TASK DESCRIPTION
Here, set down only the lines between the line that contains "7018 OLD CABIN LN, North Bethesda, MD 20852" and the final line of the material, both included, exactly as written. Skip the pictures.

[PROVIDED MATERIAL Boundary: Start]

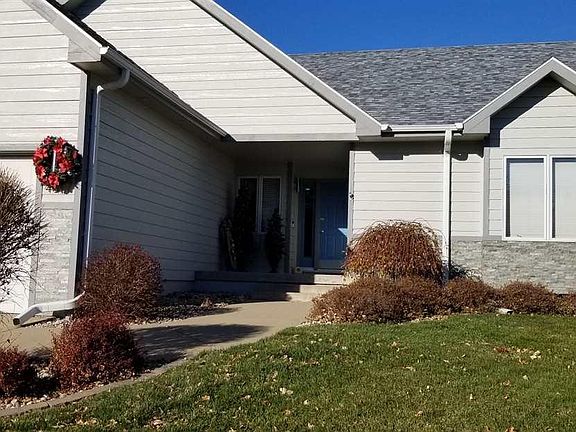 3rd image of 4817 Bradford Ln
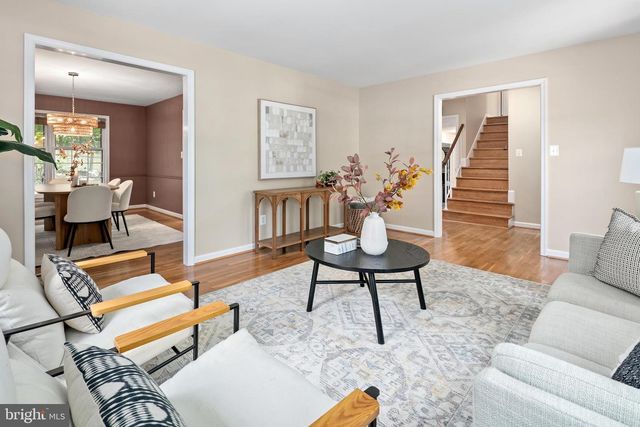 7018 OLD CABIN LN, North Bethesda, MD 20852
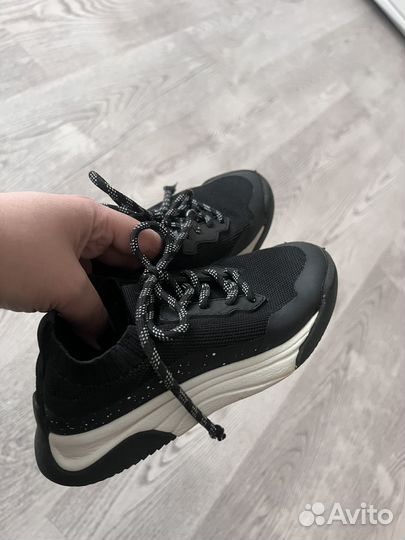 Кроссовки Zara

[PROVIDED MATERIAL Boundary: End]

OUTPUT BELOW
 7018 OLD CABIN LN, North Bethesda, MD 20852
 Кроссовки Zara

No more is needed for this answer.